では、ファンクロスを中心に、改良されたタントの概要を紹介していこう。
個性際立つ外観 ファンクロスとカスタム
ファンクロスの「クロス」は、クロスオーバーに由来している。
したがって、そのエクステリアは、アウトドアシーンに調和する、アクティブ感とタフさを表現したスタイルとされている。
具体的には、ユニークな形状のヘッドランプ、タフさを表現したフロントグリルやバンパーは専用のデザインだ。
とくに前後のバンパーは、ボディカラーだけでなくブラックも用いて力強さも感じさせ、また下部はアンダーガード風のデザインとされて、クロスオーバーSUV的なテイストを強めている。
ボディサイドには幅広のブラックモールも装着され、バンパー下部のアンダーガード風部分とデザインが揃えられている。
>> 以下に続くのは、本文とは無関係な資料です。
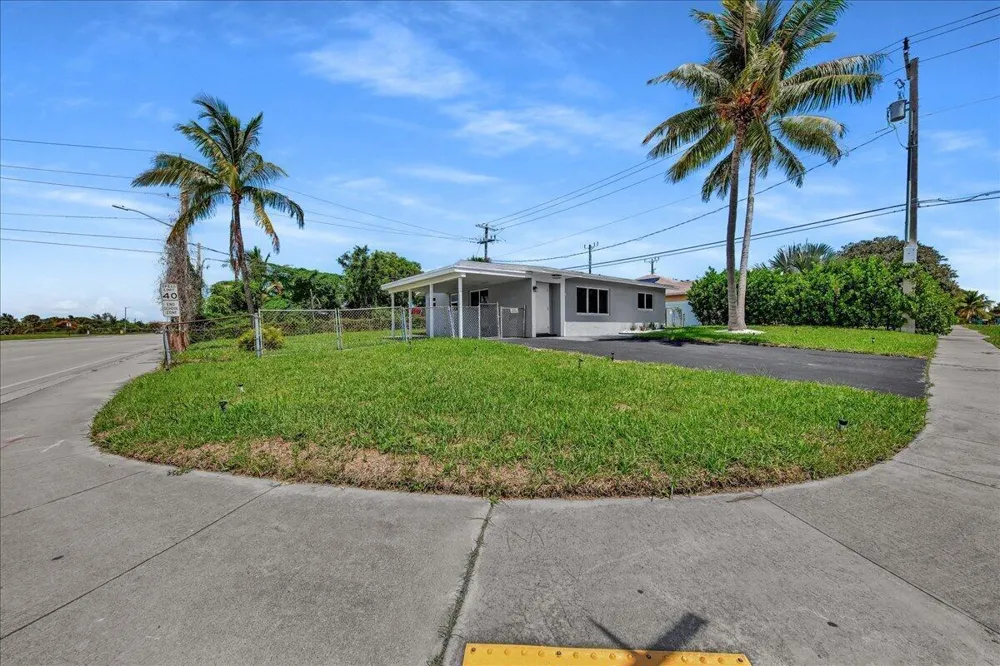 11 NE 28TH COURT Boynton Beach, FL 33435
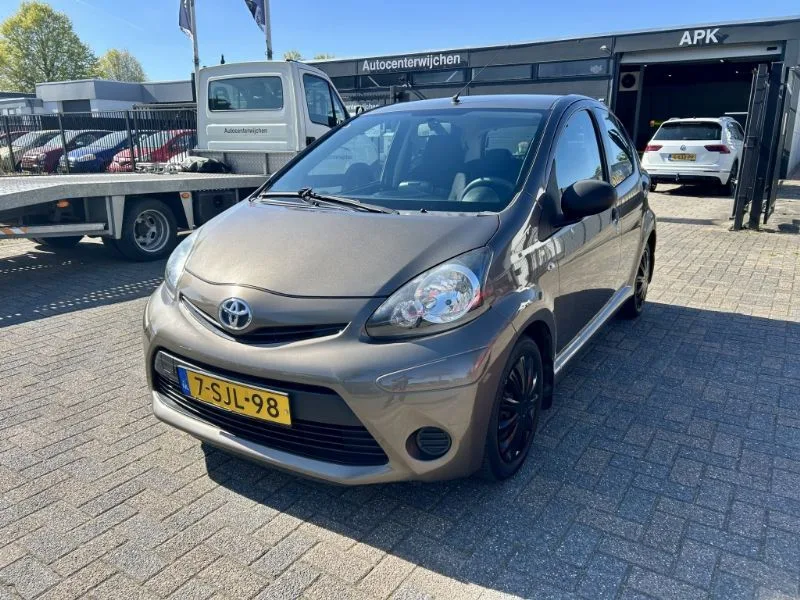 Toyota Aygo (2013) — foto 1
また、レジャーシーンで活躍しそうなルーフレールも装備されており、エクステリアはきわめてアクティブ感にあふれている。
タント・カスタムも、上質で迫力あるスタイルに進化した。
エンジンフード、フロントフェンダー、ヘッドランプ、フロントバンパーなどのフロントまわりを中心に、立体感と車両のワイド感を強調したエクステリアとされている。
ボディカラーには、新色が追加された。
タントでは、サンドベージュメタリック、2トーンカラーのホワイト×アイスグリーンとホワイト×サンドベージュメタリックを新設定し、ライトカラーで親しいイメージを強化した。
タント・カスタムでは、クールバイオレットクリスタルシャインとクロムグレーメタリックを新設定し、上質な印象を強化している(一部オプション)。
内装 「ファンクロス」はアウトドア志向
ファンクロスでは、インテリアの基本デザインはノーマルのタントと変わらないが、エアコンの吹き出し口やドアトリムなどにオレンジの刺し色が入れられており、なかなか良いアクセントになっている。
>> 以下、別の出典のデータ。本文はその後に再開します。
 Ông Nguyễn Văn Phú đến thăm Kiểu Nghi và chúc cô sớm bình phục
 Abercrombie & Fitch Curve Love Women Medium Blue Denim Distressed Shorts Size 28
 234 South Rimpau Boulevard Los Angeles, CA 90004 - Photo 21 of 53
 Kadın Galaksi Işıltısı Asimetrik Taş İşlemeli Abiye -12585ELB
シートはタフトに採用されているようなカモフラージュ柄で、タフさを表現している。
ミラクルオープンドアなどタントの利便性を継承しながら、アウトドアでのさまざまなシーンで活躍できるよう専用の装備を採用している。
たとえば、シートの表皮は撥水加工のフルファブリックを採用し、リアシートバックには防水加工を施して、キャンプや釣りなどで汚れた荷物や濡れた道具を置いても手入れをしやすくしている。
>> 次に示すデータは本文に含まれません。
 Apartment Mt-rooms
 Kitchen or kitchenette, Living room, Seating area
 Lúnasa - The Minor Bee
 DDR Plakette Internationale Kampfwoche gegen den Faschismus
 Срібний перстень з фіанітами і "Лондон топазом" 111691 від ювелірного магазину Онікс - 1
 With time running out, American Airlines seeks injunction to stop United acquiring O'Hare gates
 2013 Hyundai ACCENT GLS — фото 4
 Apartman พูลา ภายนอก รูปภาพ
ラゲッジルームには夜間の荷物積みおろしに役立つランプをデッキサイド右側と天井に標準装備。
また利便性の高いUSBソケットをリアシートの右側に1口標準装備して、ラゲッジルーム側からも使いやすくしている。
タント・カスタムでは、ブラック基調の室内に深みのあるブルーをアクセントカラーとして配色し、レザーの面積を増やしたシート表皮やメッキの加飾により、シャープで緻密な印象をインテリアで演出している。
パワートレイン 燃費はライバルより優位
シャシーやパワートレインに関しては、基本的に大きく変わってはいないが、4代目となる現行型タントから展開されているDNGAの高い基本性能と安全性能をを継承している。
パワートレインのラインナップは従来どおり。
0.66L(正確には658cc)の直3 DOHCの自然吸気エンジンとターボ付きエンジンを設定し、最高出力と最大トルクは前者が52psと6.1kg-m、後者が64psと10.2kg-mを発生する。
組み合わされるトランスミッションはCVTのみで、駆動方式は2WD(FF)と4WDが全グレードで用意されている。
また、エンジン制御の最適化により燃費性能を向上させた。
FFの自然吸気エンジン搭載車は、WLTCモード燃費で22.7km/Lを実現している。
同クラスのライバルでは、スペーシアが22.2km/L、N-BOXが21.2km/L、eKスペースとルークスが20.8km/Lだから、その燃費の良さが分かるだろう。
安全性能においては、ダイハツの予防安全・運転支援機能である「スマートアシスト」を全グレードに標準装備。
「もしも」の事故を防ぎ、「いつも」の運転を安心サポートする。
ユニーク装備 ラゲッジルームや使い勝手
ユニークな装備としては、(ノーマルの)タントもファンクロスも共通のものだが、上下2段式のデッキボードがあげられる。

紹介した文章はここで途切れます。